__Task instructions__: Skip every picture while you write out the records below, from the first line through the one that contains "a large building", both ends kept.

__Stored data__:
########

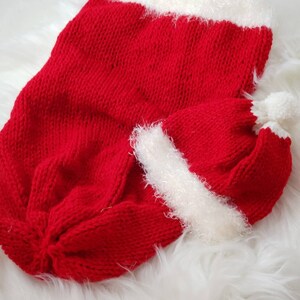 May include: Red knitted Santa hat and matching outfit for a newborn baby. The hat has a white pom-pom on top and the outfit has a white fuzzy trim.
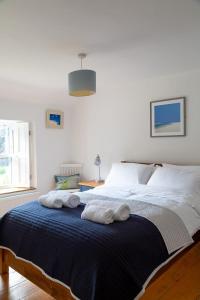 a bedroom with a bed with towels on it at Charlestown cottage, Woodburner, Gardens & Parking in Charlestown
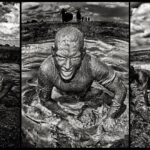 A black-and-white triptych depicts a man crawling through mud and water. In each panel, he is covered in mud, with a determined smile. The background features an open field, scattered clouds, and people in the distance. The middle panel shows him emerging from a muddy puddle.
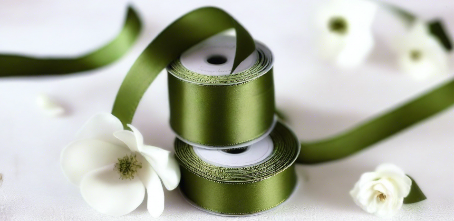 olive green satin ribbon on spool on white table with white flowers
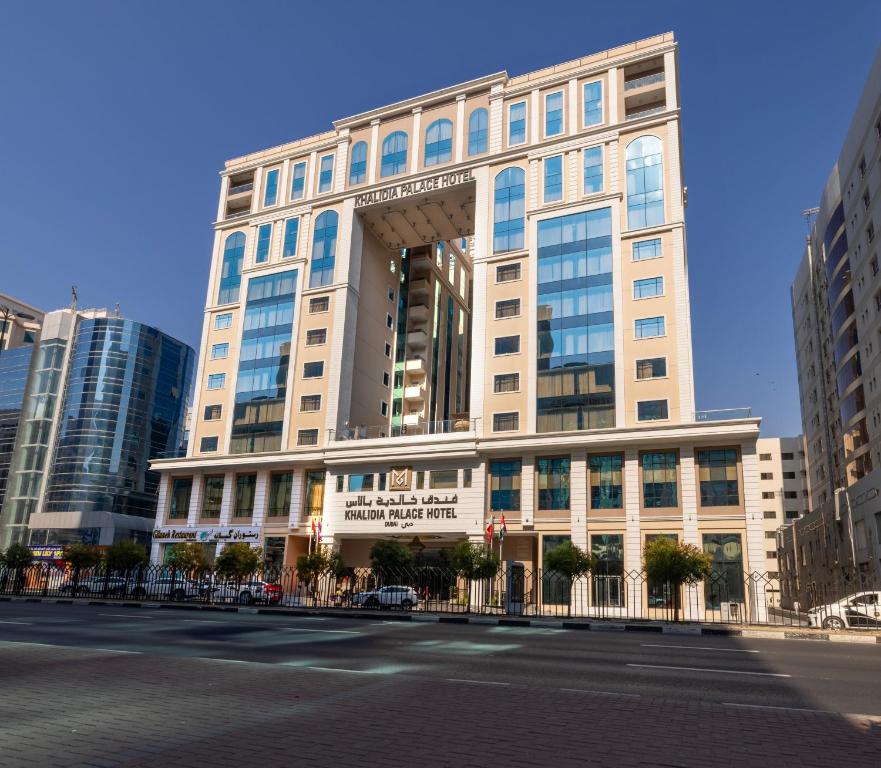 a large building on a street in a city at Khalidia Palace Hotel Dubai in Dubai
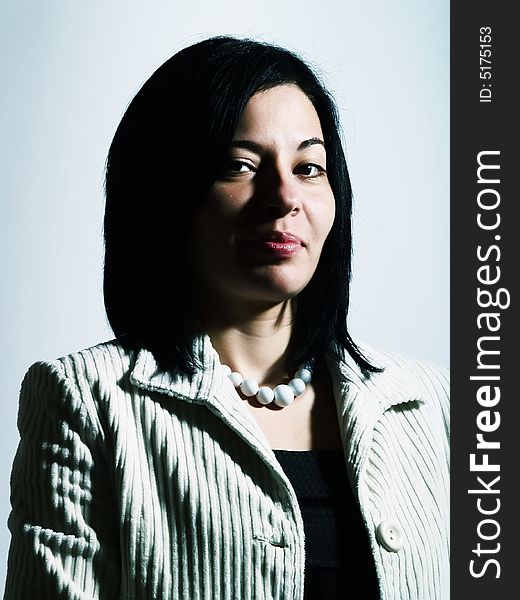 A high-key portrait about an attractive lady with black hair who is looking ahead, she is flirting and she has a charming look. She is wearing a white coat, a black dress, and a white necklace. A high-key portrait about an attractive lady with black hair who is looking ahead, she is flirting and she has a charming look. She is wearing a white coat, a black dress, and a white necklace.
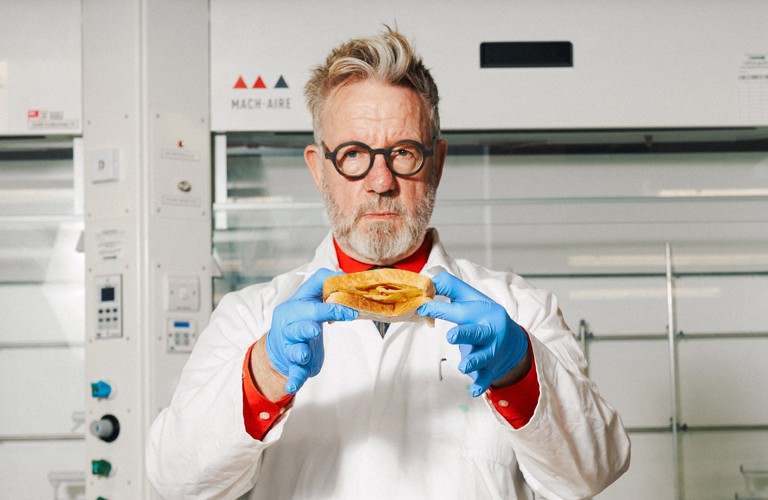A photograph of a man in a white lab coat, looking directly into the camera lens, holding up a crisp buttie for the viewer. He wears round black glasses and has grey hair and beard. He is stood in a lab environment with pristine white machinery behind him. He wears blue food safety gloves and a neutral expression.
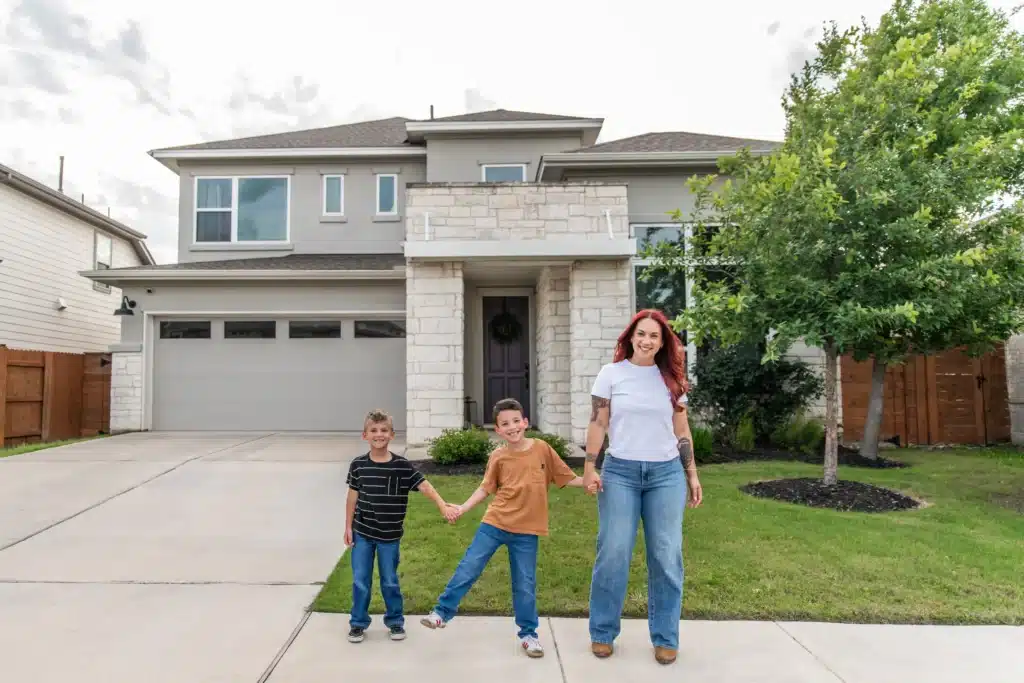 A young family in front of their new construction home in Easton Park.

########

__Solution__:
 May include: Red knitted Santa hat and matching outfit for a newborn baby. The hat has a white pom-pom on top and the outfit has a white fuzzy trim.
 a bedroom with a bed with towels on it at Charlestown cottage, Woodburner, Gardens & Parking in Charlestown
 A black-and-white triptych depicts a man crawling through mud and water. In each panel, he is covered in mud, with a determined smile. The background features an open field, scattered clouds, and people in the distance. The middle panel shows him emerging from a muddy puddle.
 olive green satin ribbon on spool on white table with white flowers
 a large building on a street in a city at Khalidia Palace Hotel Dubai in Dubai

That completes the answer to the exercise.